It is not always a bad thing that Hong Kong’s economy is not as free as advertised. Its public facilities and regulations help ensure stability in the city and make it a livable and investable place. That is how a strong community is built. Hong Kong still suffers from crowdedness, pollution, stress, and a widening rich-poor gap, but its public sector, while not without fault, has succeeded more than it has failed. Even as Hong Kong’s business sector continues to preach the advantages of the “free market,” it is silently thankful for (just to name a few) its affordable public healthcare, which releases it from straining its resources to provide its employees with basic health coverage like employers in the U.S., and for its public safety measures, which spare it the expense of having to hire high-priced private security contractors to protect its assets à la post-Katrina New Orleans.

If Hong Kong was chosen as the site of the last WTO conference because it appeared to practice free trade and free market economics better than anyone else, then that makes sense. Free trade talks and deals are mostly razzle-dazzle anyway, as those players who can afford to flout the terms of any agreement do so with near impunity. Insiders and those at the short end of these pacts know better.

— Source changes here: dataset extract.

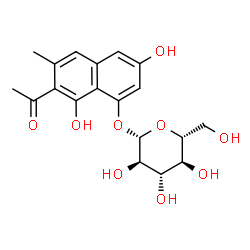 ChemSpider 2D Image | 7-Acetyl-3,8-dihydroxy-6-methyl-1-naphthyl beta-D-glucopyranoside | C19H22O9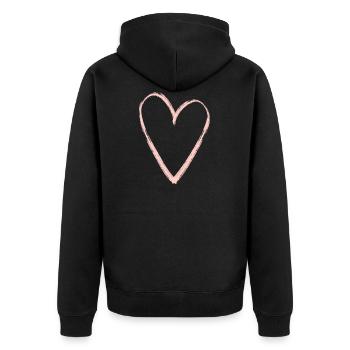 Coeur Rose 2 - Veste à capuche bio Premium Unisexe - noir - Dos - Nico (187cm)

Markets and trade are never free. Someone reaps the rewards, someone pays for the rewards, and someone certainly pays for its consequences.

If the closest thing to a truly free market is what you seek, then Hong Kong is not it. That place, according to one journalist, would more likely be Somalia. But there is no invisible hand at work in Somalia. If anything is invisible, it would be a functional national government, which has not been seen since 1991 (hence, no government regulations), as well as foreign aid (thus, no strings attached). Private enterprise exists in Somalia, and some of it works quite well given the circumstances. But even those in the private sector await the return of a working central government, which can help ensure stability and provide the framework for a smoother operation of society. Until then, rules are made by word of mouth and usually enforced at the point of a gun (the visible fist).

Any chance that the next WTO conference will be held in Mogadishu?



Heh, heh not likely eh. Recently some liberaltarians have been singing, or ringing, the praises of the free market in Somalia. Seriously, they have the largest cell/mobile phone system in the world. All set up amongst freely competing capitalists and their private armies, it make's the free (booty) marketers over at the Von Mises Institute drool. Unfortunately such anarchic capitalism is based on the primitive accumulation of capital, in otherwords brigandism and piracy. Gee just like the foundation of Hong Kong as the distribution centre of Opium into China, in the 19th Century.


Unfortunately the current minarchist capitalist free for all in Somalia while successful in producing a mobile phone business has not solved the problem of the current drought affecting the Horn of Africa. In fact the free market brigands and pirates have been detrimental to the attempts by the UN to get food to the starving masses.


Conflict and lawlessness in the Horn of Africa are making it far harder to get aid to those who need it. In particular, Somalia's pirates and warlords are disrupting shipping routes and delaying food deliveries.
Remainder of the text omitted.